THE INPUT

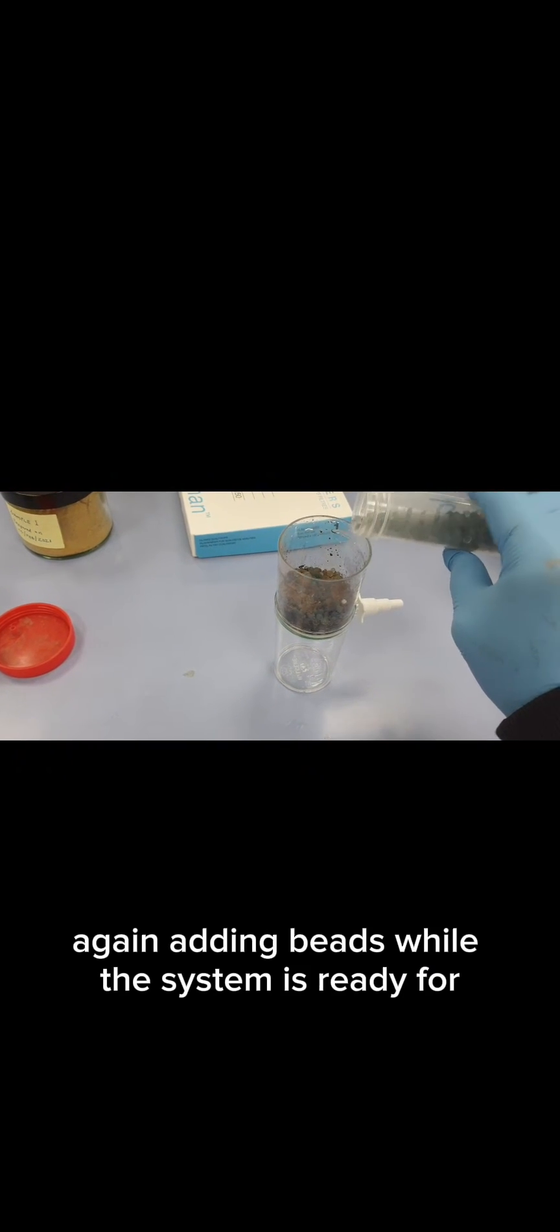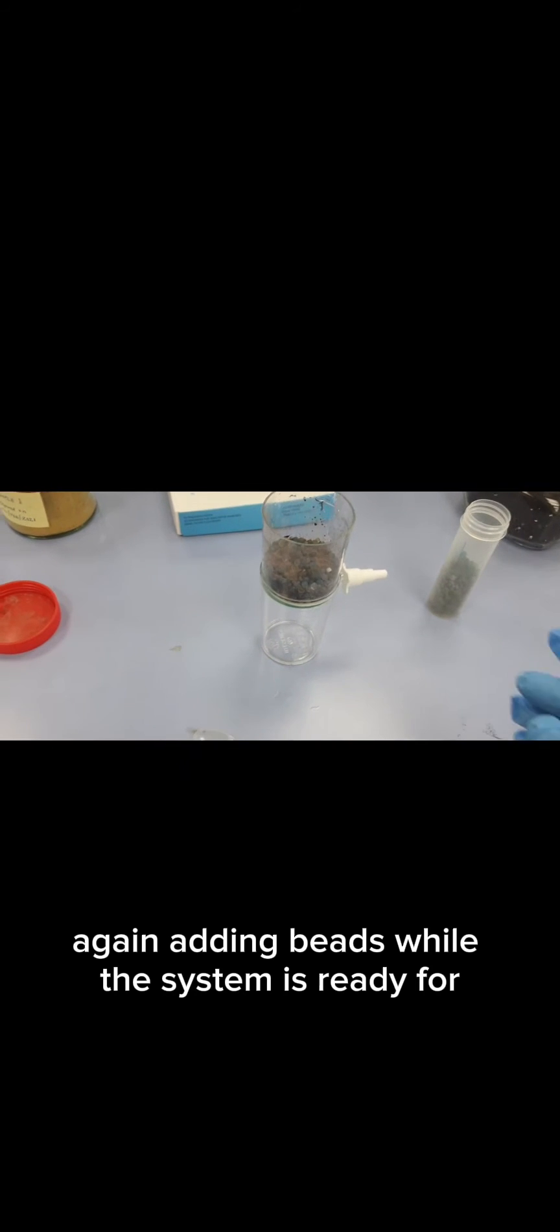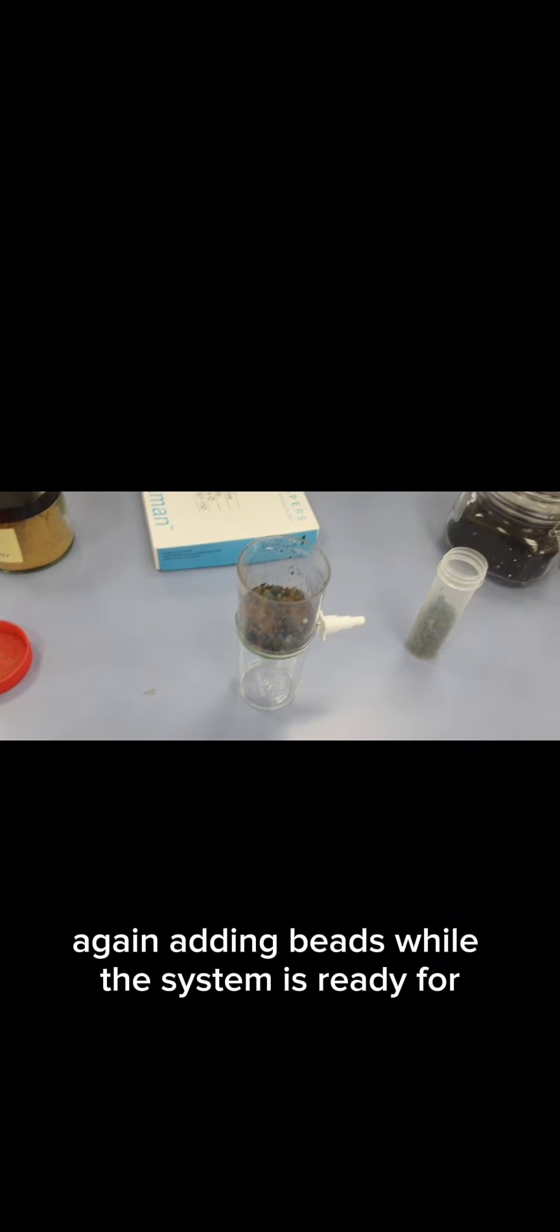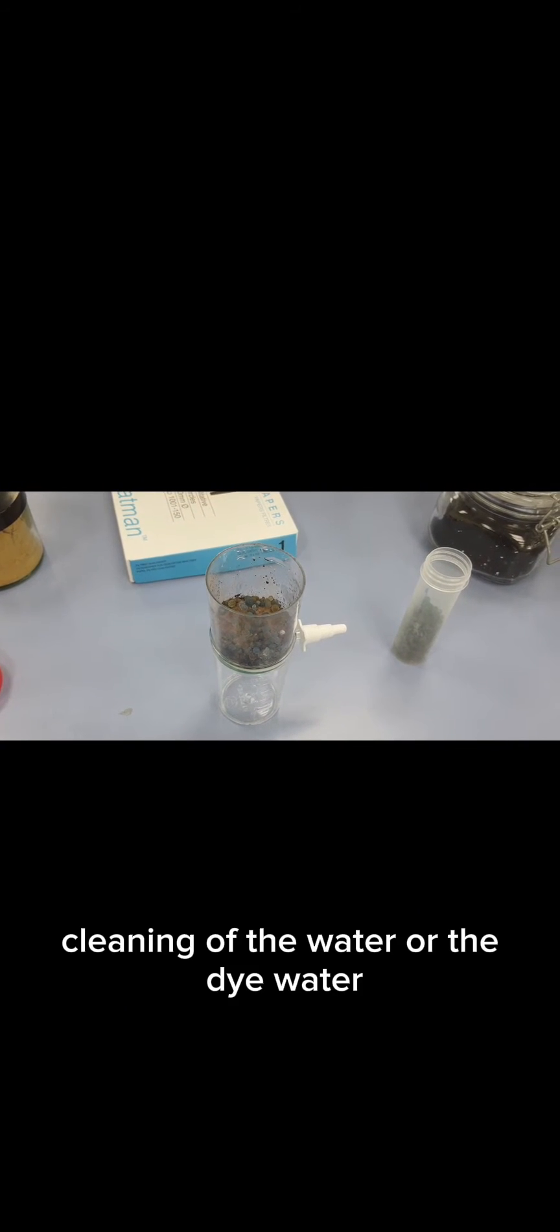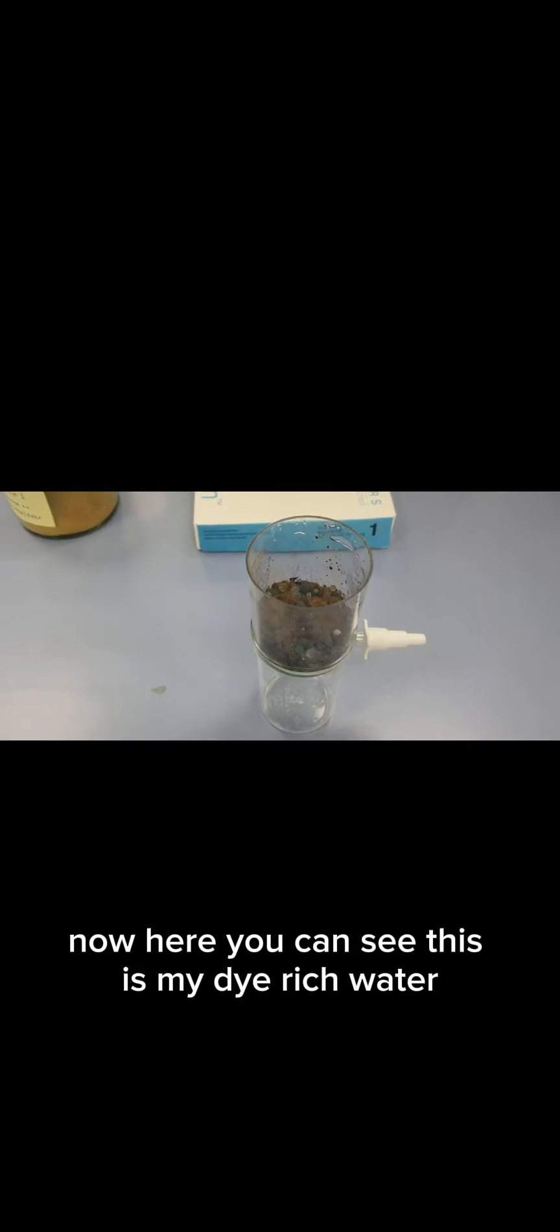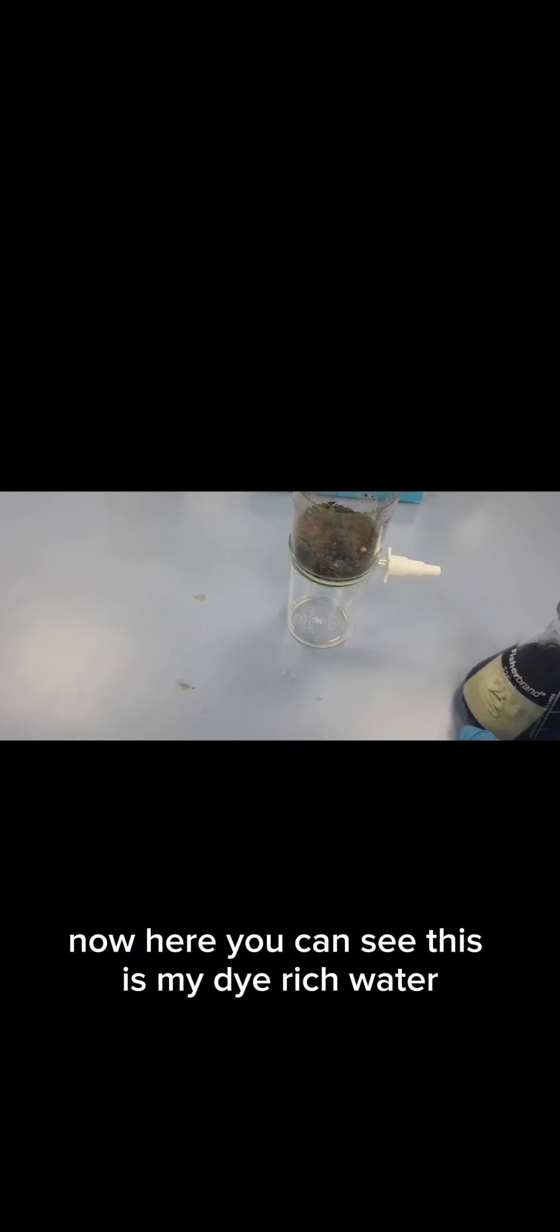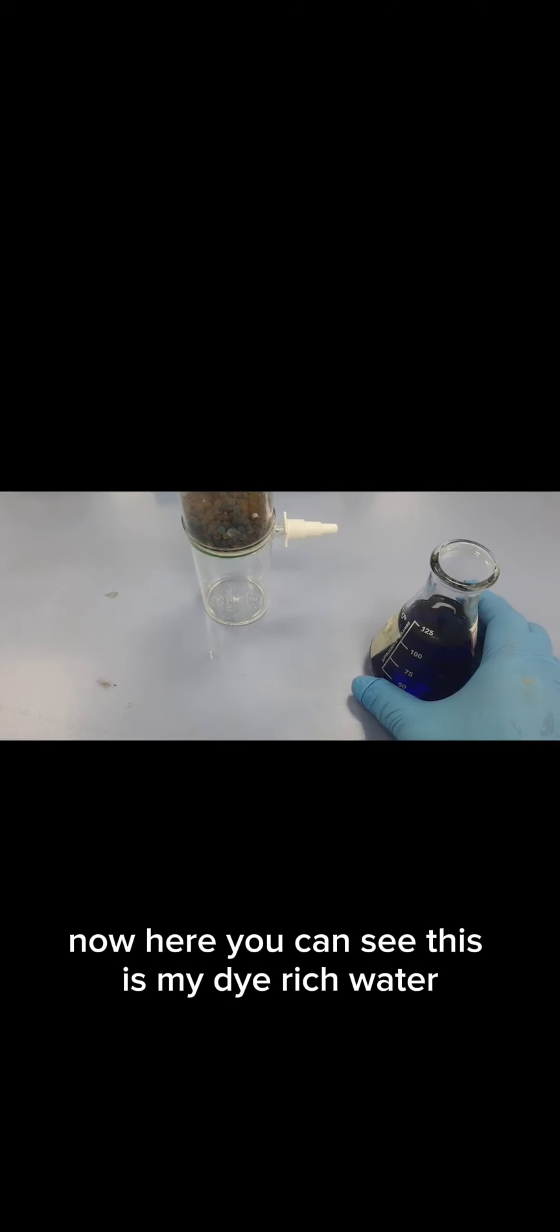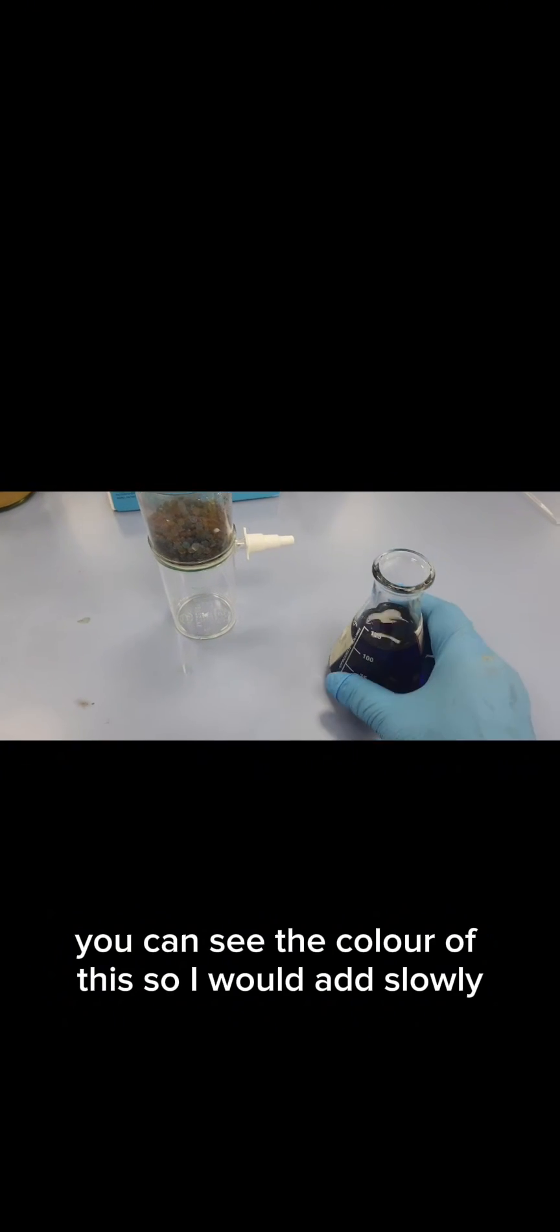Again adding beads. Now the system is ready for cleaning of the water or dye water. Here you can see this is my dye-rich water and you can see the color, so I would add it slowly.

---

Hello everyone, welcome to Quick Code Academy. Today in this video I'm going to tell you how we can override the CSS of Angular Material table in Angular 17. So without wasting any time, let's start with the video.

* * *

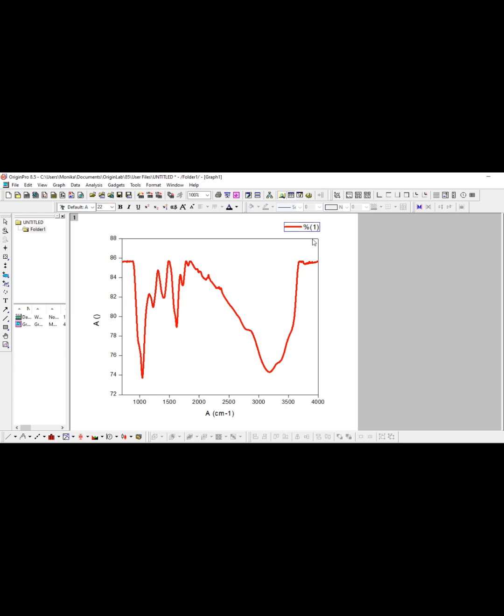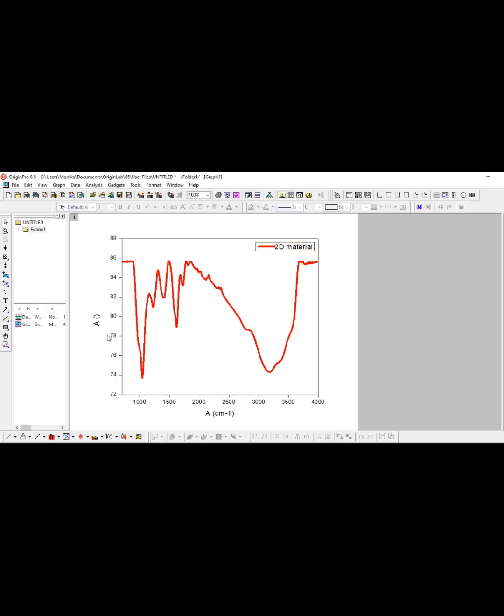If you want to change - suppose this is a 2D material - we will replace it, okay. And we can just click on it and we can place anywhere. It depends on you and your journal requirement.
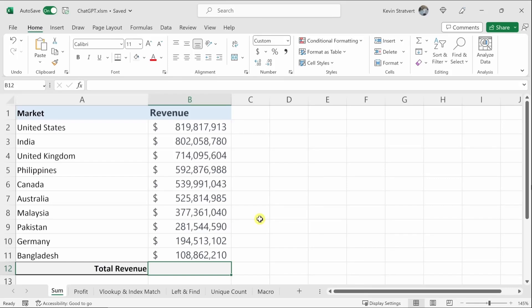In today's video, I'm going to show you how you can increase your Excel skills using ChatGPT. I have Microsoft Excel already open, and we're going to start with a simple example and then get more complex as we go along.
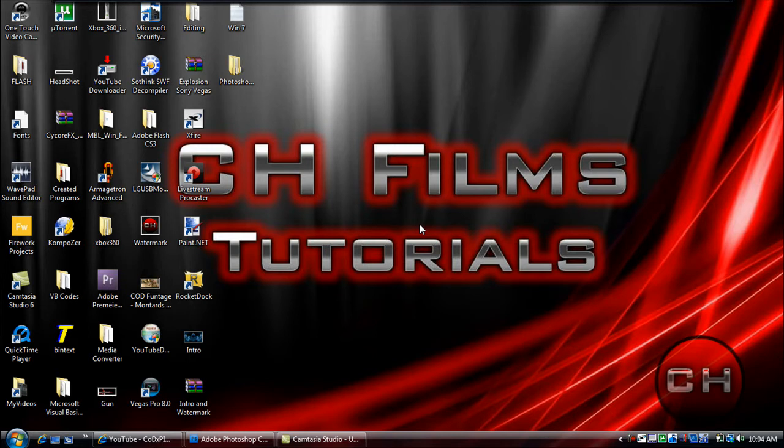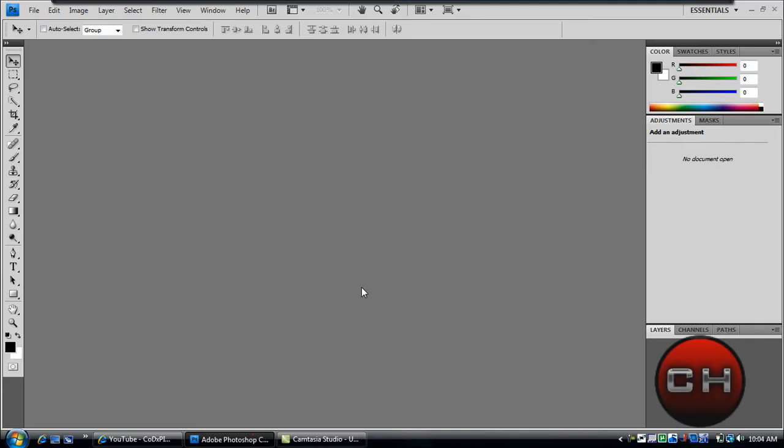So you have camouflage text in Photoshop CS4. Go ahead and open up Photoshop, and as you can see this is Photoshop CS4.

EXERCISE AIM
In the listing above, find the line containing "In today's video, I'm" and the line containing "So you have"; print those lines and every line between them exactly, leaving out pictures.

OUTPUT
In today's video, I'm going to show you how you can increase your Excel skills using ChatGPT. I have Microsoft Excel already open, and we're going to start with a simple example and then get more complex as we go along.
So you have camouflage text in Photoshop CS4. Go ahead and open up Photoshop, and as you can see this is Photoshop CS4.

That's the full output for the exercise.